Common side effects of alpha-glucosidase inhibitors include flatulence, diarrhoea and abdominal pain, especially upon initial treatment. However, starting at a low dose and gradually increasing it to the final dosage, rather than starting with the final dose, can help avoid these problems.
Alpha-glucosidase inhibitors (acarbose) must be taken immediately before your meal, or with the first couple of mouthfuls, in order for them to work.
Repaglinide (NovoNorm) is an oral hypoglycaemic belonging to the glitinide group of drugs. It is sometimes prescribed for people who cannot adequately lower their blood glucose levels through diet alone. It is sometimes prescribed in addition to metformin tablets or sometimes with insulin therapy in people with type 2 diabetes.
Glitinides work by stimulating the pancreas to produce a surge of insulin just after eating. Because it works quickly, repaglinide gives you more freedom to determine when you want to eat than other diabetes medicines.
Common side effects of glitinides include hypoglycaemia, gastrointestinal disturbances, skin rashes and raised lipid levels.
You should take repaglinide just before eating to ensure that it works properly, and to help reduce the risk of hypoglycaemia.
These medicines include sitagliptin (Januvia), vildagliptin (Galvus) and most recently saxagliptin (Onglyza) — which are incretin enhancers — and exenatide (Byetta) - which is an incretin mimetic. Sitagliptin, vildagliptin and saxagliptin are oral medicines, while exenatide must be injected. These medicines are used in adults, and are used in combination with other oral diabetes medicines.
Incretin enhancers — also called dipeptidyl peptidase-4 (DPP-4) inhibitors — and incretin mimetics work by increasing the production and release of insulin by the pancreas, as well as by reducing the production of glucose by the liver.
Incretin enhancers and mimetics work when blood glucose levels are high, especially just after a meal, but also help to lower blood sugar levels between meals. On their own they are unlikely to cause hypoglycaemia, because they do not work when blood sugar levels are low.
Side effects of incretin enhancers can include discomfort when swallowing, headache, cold-like symptoms (sitagliptin and saxagliptin), and dizziness and tremor (vildagliptin).
Side effects of exenatide can include nausea and, in a very small number of people, pancreatitis.
The incretin enhancers are taken once daily (or sometimes twice daily for vildagliptan), with or without food. They are taken as combination therapy with metformin, a sulfonylurea or a thiazolidinedione. They should be taken around the same time each day.
Exenatide is injected twice a day, before breakfast and before dinner.

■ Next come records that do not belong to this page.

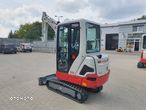 Takeuchi TB225 - V0 - 7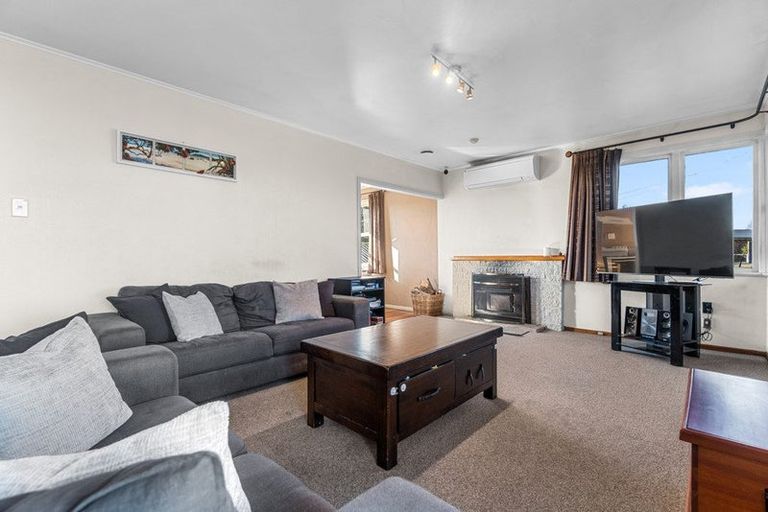 Photo of property in 42 Irvine Street, Frankton, Hamilton, 3204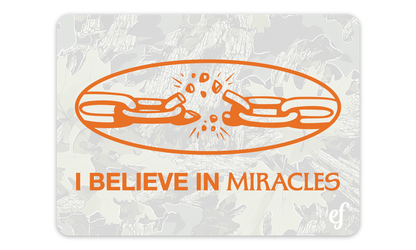 Elevated Faith Gift Card - AVBL MRKT (5)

There is a medicine called Janumet that contains both sitagliptin and metformin in one tablet and another called Galvumet that contains both vildagliptin and metformin. These fixed-dose combination tablets can be prescribed for people who are already treated with both metformin and sitagliptan or vildagliptan, respectively, or those whose diabetes is not adequately controlled on metformin alone. Janumet and Galvumet should be taken twice a day with meals.
It is not unusual for oral hypoglycaemics to control type 2 diabetes for a number of years, and then stop working. In fact, insulin treatment may be required in one-third of people with type 2 diabetes after 10-15 years of successful management using oral hypoglycaemic agents.
Regardless of the type of diabetes you may have, it is important to recognise that medicines are only part of the overall treatment picture. It is just as important to follow both a healthy eating plan and a regular activity programme in order to maintain relatively stable blood glucose levels.